THE PROBLEM
Would you copy, word for word, each line from the one with "of-the-most-charming-summer-dress-codes-for-mens" to the end of the listing below, skipping all pictures?
· · · · · · ·
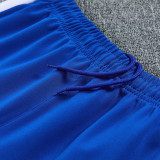2026-27 CHE Fancy blue Jacket Tracksuit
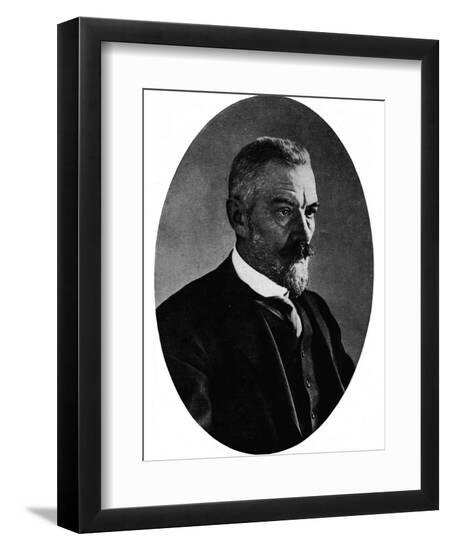 Photographic Print, , large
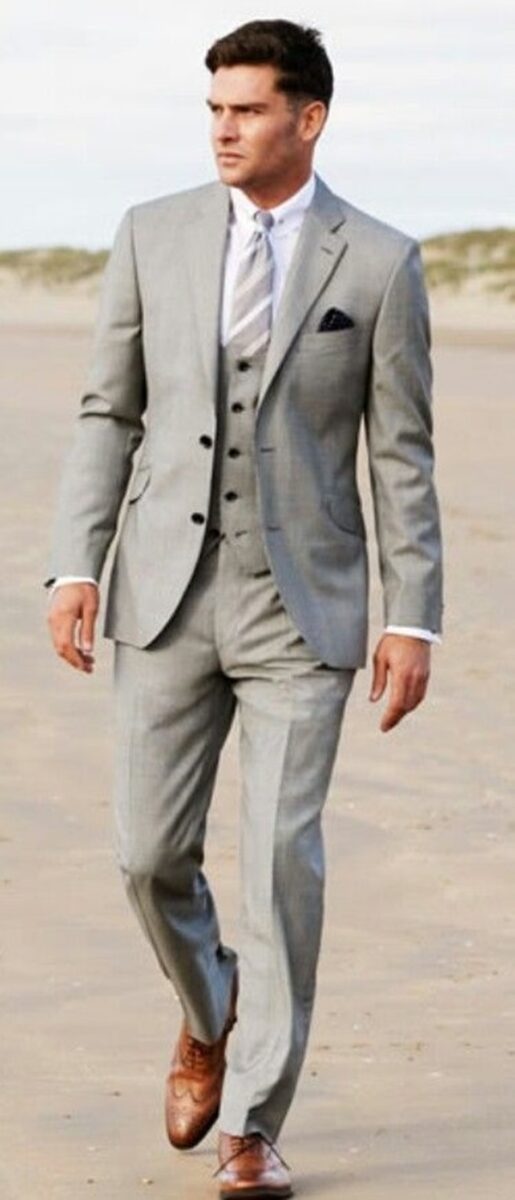 of-the-most-charming-summer-dress-codes-for-mens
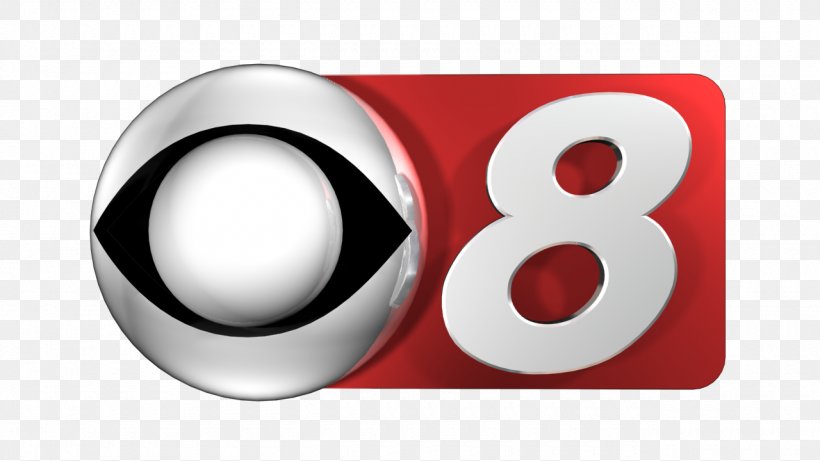 Selma Montgomery Alabama News Network WAKA Television Channel, PNG, 1280x720px, Selma, Alabama, Brand, Cbs, Montgomery Download Free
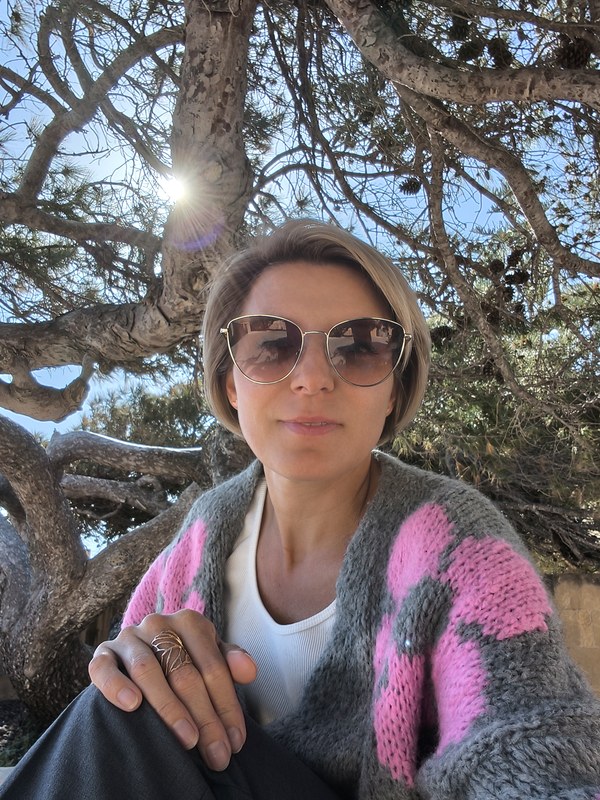 Beata – Gozo od Kuchni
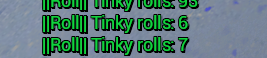 1760267567550.png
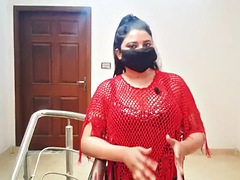 TAK VE TAK VE - SABA MUJRA NEW DANCE PAKISTANI MUJRA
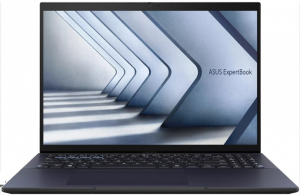 Asus ExpertBook B3 Black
· · · · · · ·
OUTPUT FOR THIS EXERCISE
 of-the-most-charming-summer-dress-codes-for-mens
 Selma Montgomery Alabama News Network WAKA Television Channel, PNG, 1280x720px, Selma, Alabama, Brand, Cbs, Montgomery Download Free
 Beata – Gozo od Kuchni
 1760267567550.png
 TAK VE TAK VE - SABA MUJRA NEW DANCE PAKISTANI MUJRA
 Asus ExpertBook B3 Black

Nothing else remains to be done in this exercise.